A little to the south, in the Swat valley, the fighting goes on between the Taliban and government forces. This is a fight to the death, as the Taliban are determined to turn the Swat valley into an Islamic radical stronghold. The government won't allow it, and the fighting will go on until all the local Taliban (several thousand militants) are killed or driven out.

In Kashmir, India, two months of violence over a land dispute (many Hindu holy places are in the area, which has a majority Moslem population) have left over three dozen dead. The Moslems have been expelling the Hindus for centuries, and this has accelerated in the last two decades, since Pakistan decided to back Islamic terrorism efforts to take Kashmir from India. This effort has largely been defeated, but the Moslem hostility to other religions, especially Hinduism, remains. There have been massive crowds of Moslems coming out in Kashmir, to block the expansion of a Hindu shrine. Equally large demonstrations are taking place in the Indian capital, as Hindus pressure their government to resist the Moslems.

In Baluchistan (southwest Pakistan), tribal separatists killed five government officials they kidnapped two weeks ago. The government refused to exchange the captives for imprisoned tribal rebels.

A small bomb went off in the Pakistani port city of Karachi, killing two people.

August 22, 2008: Sixty people were killed by a Taliban suicide bomber, who attacked the entrance to Pakistan's main weapons factory, just as the shifts were changing. This sort of thing doesn't terrorize Pakistanis, but infuriates them, mobilizing more armed resistance to Islamic radicalism.
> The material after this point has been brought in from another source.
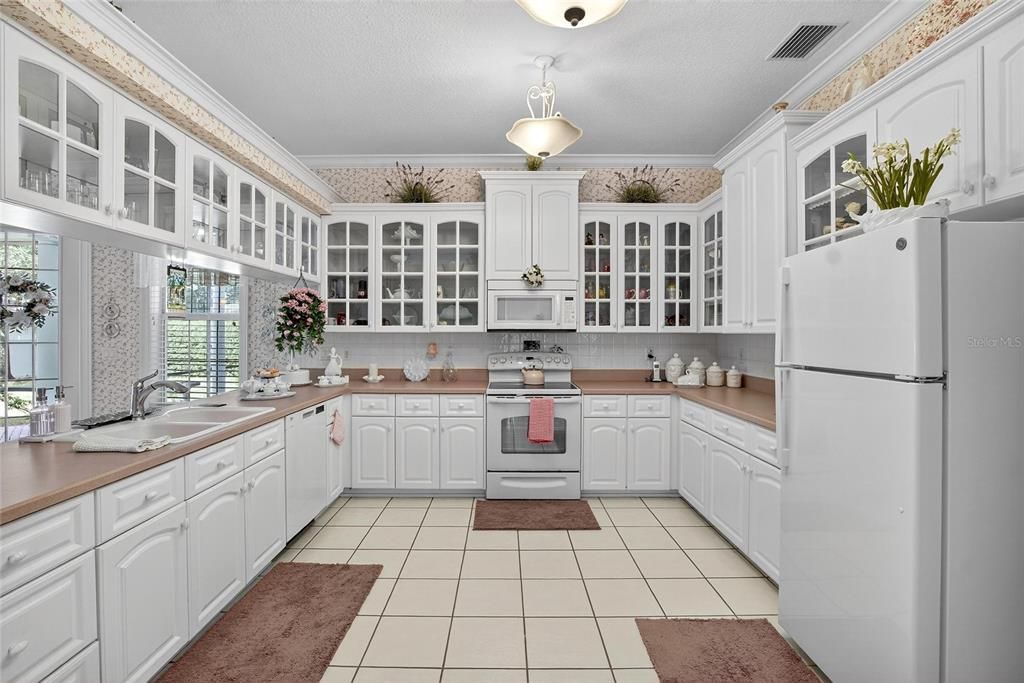 Active With Contract: $622,000 (4 beds, 3 baths, 3353 Square Feet)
August 18, 2008: Pakistani president Pervez Musharraf resigned under pressure. Musharraf took control of the government in 1999 via a military coup. At the time, he was the head of the military, and feuding with the elected head of the government, who tried to replace Musharraf because of insubordination. Throughout Pakistan's 60 year history, elected and military governments have alternated. That's because the elected governments tend to be disorganized and corrupt, while the military governments  are dictatorships, and nearly as corrupt. When the generals become too unpopular, they allow themselves to be replaced by elected leaders. But eventually, the generals return. The military is a major, and powerful, institution in Pakistan. It maintains this power by playing on fears that India wants to take over Pakistan and incorporate it into India. Few Indians want to do this, but the idea is more accepted, and feared, in Pakistan. This has kept the Pakistani military free from civilian interference. And free to take over when they feel the politicians have gone too far.

In Pakistan's northwest border area, a suicide bomber killed 27 people when his explosives were set off at the emergency entrance to a hospital. The attacker appeared to be a Sunni terrorist attacking Shia who had gathered at the hospital entrance to pay respect to a Shia leader who had been shot dead the day before.